Using a flag to control it seems good to me.

Unfortunately -v doesn't work for that since the non -v version isn't so useful.

I don't quite understand what you mean here. I suppose we want a flag --show-variable-ranges to have effect only when -v is given in image lookup -v -a .... Is this what you mean?

It's really useful to be able to see these variable ranges, so the feature seems good to me, but I think the valid range output should be governed by another flag, like --show-variable-ranges. In optimized code, there can be a whole lot of ranges for each variable, so this could get really noisy and make the whole output hard to look at, so it would be good to have a way to turn it off.

Using a flag to control it seems good to me.

Unfortunately -v doesn't work for that since the non -v version isn't so useful.

I don't quite understand what you mean here. I suppose we want a flag --show-variable-ranges to have effect only when -v is given in image lookup -v -a .... Is this what you mean?

I was addressing another unasked question: It seemed odd to say "add another flag to reduce the amount of output for something that is only printed when the user asks for verbose output". So I was trying to explain why that made sense. The reason being that when we made the "image lookup" command, the non-verbose version wasn't actually terribly useful, but the verbose version was. So pretty much everybody uses the -v flag when the command is used. The other option would be to do the horrible thing some tools do and have multiple -v's meaning more and more verbose. You could do it that way too (the option parser can count the number of -v's it has seen). But I think it's a lot better to have an option to dial up the specific extra info you want in this case.

But you are right, we don't print the variable information at all without -v, so while it's odd to have --show-variable-ranges only take effect when -v is supplied, I think that's the reasonable way to do it.

zequanwu updated this revision to Diff 409440.Feb 16 2022, 3:38 PM

Add -show-variables-ranges/-R flag to enable it with -v.

labath added a comment.EditedFeb 17 2022, 12:56 AM
This comment has been deleted.
lldb/source/Commands/Options.td
960
961

A not widely known fact: It is possible to produce an long option without a short version by using an non-printable character in place of the short option. You can see and example of that in disassemble --force, defined in this file.

If we are considering this a niche option, then maybe we don't need to use a random character just to have a short version.

lldb/test/Shell/SymbolFile/DWARF/x86/debug_loc.s
29

I don't think that the information itself is out of place here, but I think it can get confusing when one sees it like this, next to the location field. So, if we had an output like location = RDI, valid ranges = [0, 20), I think one would/could read it as "the variable is in RDI from PC=0 to PC=20", but what it _really_ is telling you is "the variable (or its value -- I'm not sure) exists between PC=0 and PC=20, *and* for the exact PC that you are querying (0 in this case), it's value happens to be in RDI".

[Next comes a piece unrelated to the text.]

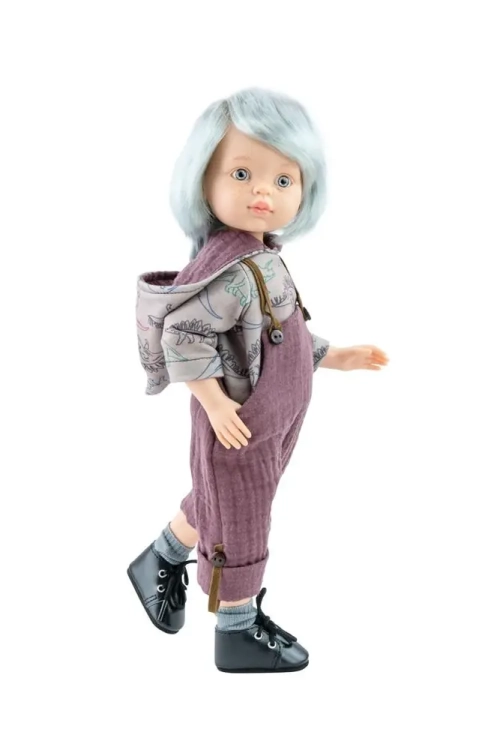 Lalka Hiszpańska 32 cm Paola Reina Amigas 04855 Sergio, klasyczna, cała z winylu, przegubowa ruchome stawy, niebieskie oczy, srebrzyste włosy, bluza z kapturem, śliwkowe spodnie ogrodniczki, wiązane czarne buciki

We could try to come up with a way to make this less confusing, but maybe we could just sidestep this problem and just print this information in the image dump symfile output.

39

If you printed the information here, then there would be no (or less) confusion as the location field contains explicit range information. Additionally, the image dump symfile output is so verbose, than an extra field does not make a difference.

(I'm sorry, I know it was I who suggested using image lookup, but I did not realize you would be adding an extra argument because of that.)

There was a question on the dev list a while ago about to print out all the valid ranges of a variable. That's a useful bit of info if you're trying to figure out where you could break to actually see or change a variable's value in an optimized function. I think that's the motivation for the change, so just showing the range that encompasses the address wouldn't satisfy that initial impetus for the change.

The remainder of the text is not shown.